= Tania Singh =

Founder, Indian nonprofit organisation

Tania Singh is the C.E.O of Make Love Not Scars, a non profit that rehabilitates acid attack survivors in India. Singh runs a rehab centre and sanctuary for acid attack survivors in New Delhi. She is a graduate of Singapore Management University. While at college in Singapore, she had suffered a fire accident which led her to undertake research on the medical care facilities in India. As she did more research into the facilities available for burn patients, she saw a heart-rending photograph of an acid attack survivor on the internet and was left totally shocked. Upon discovering the lack of proper medical care available to acid attack survivors in India, Singh decided to do something about it. She began to volunteer at a then rising non-profit for acid attack survivors called Make Love Not Scars and is now the co-founder and C.E.O of the organisation. Previously, she had a brief stint at a start-up in Kuala Lumpur but quit within 3 months to return to India and take a permanent, full-time role with Make Love Not Scars.

Singh is the author of Being Reshma:The Extraordinary Story of an Acid Attack Survivor who Took the World by Storm. It is the memoir of Reshma Qureshi, the world's first acid attack survivor to walk New York Fashion Week. The book has been translated into 4 languages; Marathi, Hindi, Portuguese and Malayalam.

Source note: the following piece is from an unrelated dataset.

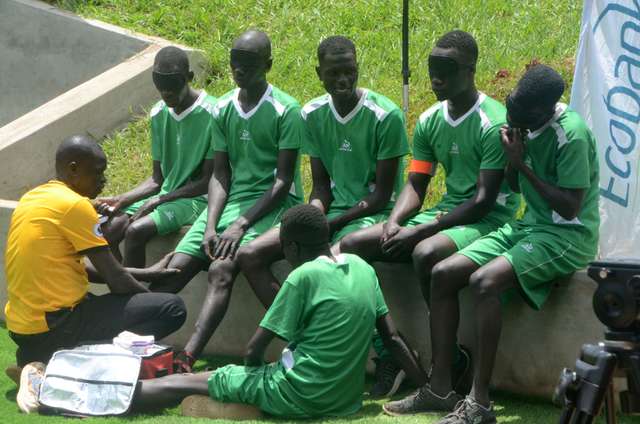 photo taken shows some of blind players rest during half time football competition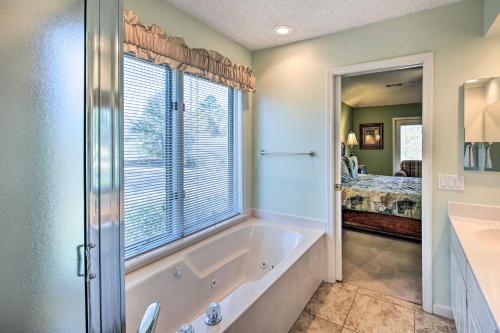 a bathroom with a tub and a window at Lovely Hot Springs Home with Lake Balboa Access in Hot Springs Village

Singh was also awarded the International Women's Day Award for Outstanding Woman Achiever in Social Activism by the Indian Council for UN Relation on March 2, 2020 Her book, Being Reshma, has been nominated for numerous prizes. It was nominated for the best English non-fiction (2019) for the Valley of Words Book Prize and long-listed for the Atta Galatta Book Prize. Singh won the best non-fiction prize at the Gurgaon Literature Festival.